If the Court agrees to hear the Lord Advocate’s case, it will do so on October 11 and 12.
A UK Government spokesperson said: “People across Scotland want both their governments to be working together on the issues that matter to them and their families, not talking about another independence referendum.
“We have today [10 August] published the papers we have submitted to the Supreme Court, and will set out our case at the hearing in October.
“On the question of legislative competence, the UK Government’s clear view remains that a Bill legislating for a referendum on independence would be outside the legislative competence of the Scottish Parliament.”
Nicola Sturgeon has said that if the Court rules against her she will fight the next general election as a "de factor referendum" on the single question of independence. The Scottish Greens have said they would do likewise.
Responding for the SNP, MP Joanna Cherry QC said: "The British Government wants the Supreme Court to throw the case out without even hearing the substantive arguments.
"Their written argument exposes the fact they no longer believe the UK is a voluntary union of nations, instead, they want to impose Westminster control by denying democracy and dismissing the democratic right of the people of Scotland to determine our own future.
“Scotland voted to hold an independence referendum, and the Scottish Government has a mandate to deliver that manifesto commitment - with the backing of the Scottish Parliament.
"A clear precedent was set by the negotiations leading to the 2014 referendum, when there is a majority in the Scottish parliament to hold an independence referendum the two governments should come together and negotiate the details.

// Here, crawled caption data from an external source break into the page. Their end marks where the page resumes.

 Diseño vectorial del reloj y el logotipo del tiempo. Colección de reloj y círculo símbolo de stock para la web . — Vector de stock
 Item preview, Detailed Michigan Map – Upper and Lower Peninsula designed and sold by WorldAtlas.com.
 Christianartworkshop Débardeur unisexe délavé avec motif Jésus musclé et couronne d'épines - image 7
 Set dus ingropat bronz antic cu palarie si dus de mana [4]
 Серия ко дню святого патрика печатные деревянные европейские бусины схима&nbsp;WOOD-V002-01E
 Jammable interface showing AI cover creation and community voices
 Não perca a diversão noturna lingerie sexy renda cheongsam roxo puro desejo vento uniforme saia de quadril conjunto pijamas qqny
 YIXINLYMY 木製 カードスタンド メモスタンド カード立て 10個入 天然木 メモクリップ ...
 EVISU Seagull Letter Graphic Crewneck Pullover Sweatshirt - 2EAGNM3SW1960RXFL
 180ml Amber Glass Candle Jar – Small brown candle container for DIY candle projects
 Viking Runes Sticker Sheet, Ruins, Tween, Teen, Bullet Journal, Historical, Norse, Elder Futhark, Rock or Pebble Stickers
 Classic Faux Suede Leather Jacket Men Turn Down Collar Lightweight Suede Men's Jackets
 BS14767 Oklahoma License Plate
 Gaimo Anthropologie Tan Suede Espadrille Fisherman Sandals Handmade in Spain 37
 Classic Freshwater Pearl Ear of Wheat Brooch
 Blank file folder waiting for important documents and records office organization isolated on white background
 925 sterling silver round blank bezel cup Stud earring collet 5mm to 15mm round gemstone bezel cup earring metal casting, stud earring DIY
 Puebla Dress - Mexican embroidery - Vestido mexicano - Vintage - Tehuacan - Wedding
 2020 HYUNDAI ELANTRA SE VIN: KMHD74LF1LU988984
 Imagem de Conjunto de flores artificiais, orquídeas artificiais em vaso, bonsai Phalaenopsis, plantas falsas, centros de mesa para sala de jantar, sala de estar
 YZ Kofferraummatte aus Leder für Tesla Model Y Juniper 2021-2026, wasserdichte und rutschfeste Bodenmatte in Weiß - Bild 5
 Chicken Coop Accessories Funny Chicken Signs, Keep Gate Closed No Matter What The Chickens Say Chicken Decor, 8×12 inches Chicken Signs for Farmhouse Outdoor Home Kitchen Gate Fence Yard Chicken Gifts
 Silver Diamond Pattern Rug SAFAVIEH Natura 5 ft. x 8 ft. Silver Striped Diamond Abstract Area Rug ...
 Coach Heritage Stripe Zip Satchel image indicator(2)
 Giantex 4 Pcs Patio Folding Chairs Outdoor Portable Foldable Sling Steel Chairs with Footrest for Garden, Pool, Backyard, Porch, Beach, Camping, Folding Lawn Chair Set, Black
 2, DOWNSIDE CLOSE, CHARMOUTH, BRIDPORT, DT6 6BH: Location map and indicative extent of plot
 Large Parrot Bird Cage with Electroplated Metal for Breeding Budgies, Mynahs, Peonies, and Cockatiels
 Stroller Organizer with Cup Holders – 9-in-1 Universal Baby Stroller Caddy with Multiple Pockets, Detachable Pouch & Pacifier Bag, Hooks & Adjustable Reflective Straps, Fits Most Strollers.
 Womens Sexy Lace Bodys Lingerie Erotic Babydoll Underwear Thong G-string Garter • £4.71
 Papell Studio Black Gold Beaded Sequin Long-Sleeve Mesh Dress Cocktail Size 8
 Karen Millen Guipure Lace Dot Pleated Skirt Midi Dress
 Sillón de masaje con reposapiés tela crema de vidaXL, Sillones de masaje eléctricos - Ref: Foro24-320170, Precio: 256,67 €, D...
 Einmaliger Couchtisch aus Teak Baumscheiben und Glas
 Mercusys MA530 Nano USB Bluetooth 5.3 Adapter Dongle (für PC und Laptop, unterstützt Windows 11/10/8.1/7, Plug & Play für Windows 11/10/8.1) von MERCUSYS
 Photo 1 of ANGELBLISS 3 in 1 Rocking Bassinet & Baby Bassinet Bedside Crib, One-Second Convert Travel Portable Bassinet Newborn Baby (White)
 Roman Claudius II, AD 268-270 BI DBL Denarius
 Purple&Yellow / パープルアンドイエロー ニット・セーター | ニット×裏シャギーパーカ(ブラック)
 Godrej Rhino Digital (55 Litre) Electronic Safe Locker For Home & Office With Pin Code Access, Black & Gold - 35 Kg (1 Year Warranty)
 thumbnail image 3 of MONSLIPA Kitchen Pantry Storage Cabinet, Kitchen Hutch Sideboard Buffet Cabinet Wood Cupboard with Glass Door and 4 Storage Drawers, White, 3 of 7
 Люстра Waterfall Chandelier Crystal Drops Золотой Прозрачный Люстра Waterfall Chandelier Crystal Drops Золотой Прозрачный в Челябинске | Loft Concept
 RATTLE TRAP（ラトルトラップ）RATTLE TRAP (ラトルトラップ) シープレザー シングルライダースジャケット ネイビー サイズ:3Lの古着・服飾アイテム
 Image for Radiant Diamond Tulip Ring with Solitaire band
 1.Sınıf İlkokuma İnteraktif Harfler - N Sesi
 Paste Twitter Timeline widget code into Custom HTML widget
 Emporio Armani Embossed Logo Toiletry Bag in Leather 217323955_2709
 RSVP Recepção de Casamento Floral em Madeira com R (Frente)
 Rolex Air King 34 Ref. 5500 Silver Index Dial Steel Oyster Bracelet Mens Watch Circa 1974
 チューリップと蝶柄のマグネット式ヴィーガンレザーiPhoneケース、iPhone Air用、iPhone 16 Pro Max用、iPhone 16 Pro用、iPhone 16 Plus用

"The Tory government is desperate to prevent a referendum because it fears the result and has run out of any positive arguments for Westminster control.
"By arrogantly dismissing Scotland's democratic decisions, Westminster is making the case for independence stronger."
Scottish Liberal Democrat leader Alex Cole-Hamilton said: "The fact that a host of civil servants, the attention of ministers and some of the country's smartest legal minds are all currently focused on this court case rather than on the unfolding cost-of-living crisis is simply mind-boggling.
"I hate to think what the final bill will be.
"Scotland deserves better than two governments who would rather get at each other's throats over the constitution, than take action to relieve hard-pressed households.
"We need urgent action to cut energy bills and insulate homes but instead Nicola Sturgeon and Boris Johnson are asleep at the wheel."
Pamela Nash, chief executive of Scotland in Union, said: “In the week that the SNP’s shameful record on education has been exposed, it’s clear once again the nationalists’ attention lies elsewhere.
“Instead of pursuing her selfish obsession through the courts, Nicola Sturgeon should be concerning herself with matters closer to home.
“The appalling attainment gap is widening on her watch. It exposes her pledge that education is her number one priority as a complete nonsense.
“If she spent half as much time on the standards of education as she does on trying to break up the UK, pupils and teachers would be far better off.
“Scotland’s positive future is with the rest of the United Kingdom working together on the issues that really matter.”